Is Nigel Farage an authentic leader?
1 May 2015 by Catherine Holdsworth in Authentic leadership, Current events
Barely a week has gone by this year without a UKIP scandal making the headlines, a member of the party has had to step down because they have made a racist/homophobic/sexist gaffe and have ’embarrassed the party’. Whether you can embarrass a party whose leader is the prime reason nobody can take it seriously is a matter for the voters to decide.
After the scandal over a member having gone to Wadham College in Oxford and then ‘changing her mind’ or Farage declaring that his party is not racist because they have one ‘half black’ and one ‘fully black’ member. You’d be forgiven for thinking that this is all some sort of bad-taste seventies comedy, but no, here is a man who believes he and his party have the best intentions for British citizens and are going to make Britain a better place come the election next week.
We only have six days left until the polls open and there’ll be more town hall debates, character assassinations and vacuous claims coming from all sides until the Public are left with the final word. However much we have laughed at Farage, found amusement in the ridiculous nature of his party and campaigning, there is a very real danger that this man will gain a seat in parliament next week.
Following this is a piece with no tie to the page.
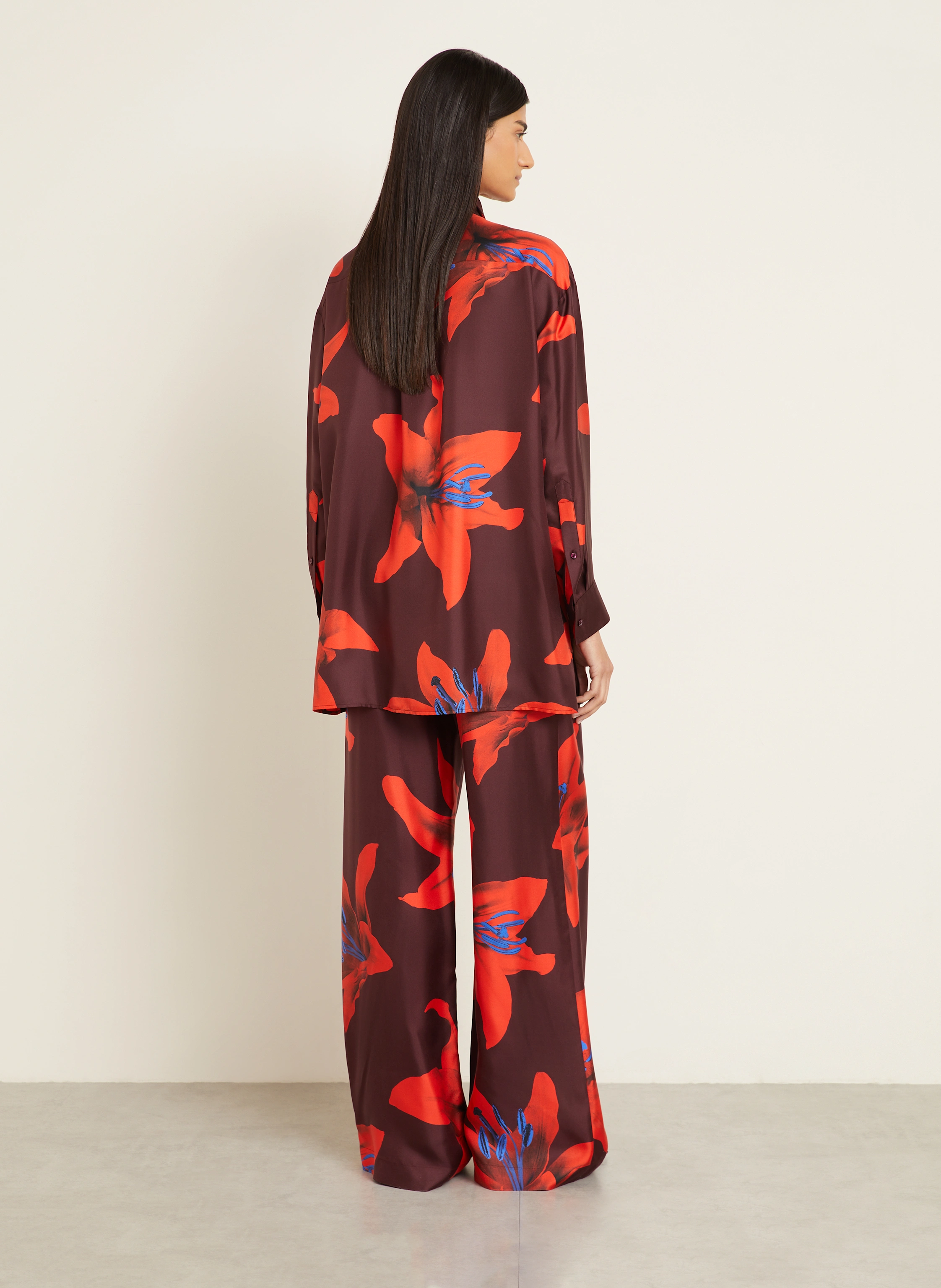 Alexander McQUEEN Hemdbluse aus Seide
Yes, he looks like he smells of fags, booze and misogyny, but Farage is a real danger to the psyche of British politics. His hypocritical policies are having a deep impact on potential voters. Now, we’re not comparing him to Hitler, but Farage, much like Hitler, is looking for a scapegoat for the British peoples’ problems. For Hitler, it was the Jews, for Farage, it is immigrants. Statistically, immigrants in Britain put more into the economy than they take out, and many come here, not to sponge off the system, but to make a better life for themselves and their families. Farage himself married a German woman and employs her as his secretary. It will be a difficult day at the airport for the Farage family if he is forced to deport his own wife. But then, we would not expect a hypocrite to do that, would we?
Then there are the claims that Farage has the best interests of the British people and has put them at the heart of his policies. A little-known fact about this man is that he used to be a banker in the very city that for too long has creamed off the profits and put the economy in a very compromised position. Do not be fooled by the beer-swilling, everyday man that Farage presents himself to be. He will certainly not be affected by the bedroom tax or the benefits cuts. He likely has little to no idea how the everyday person manages with VAT at 20% and the rising cost of living.
When it comes to polling day, consider yourselves and consider that this man his no idea what he is doing. Power can be very dangerous in the wrong hands, and one who is seeking it so desperately should have his motives called into question. Farage is anything but authentic.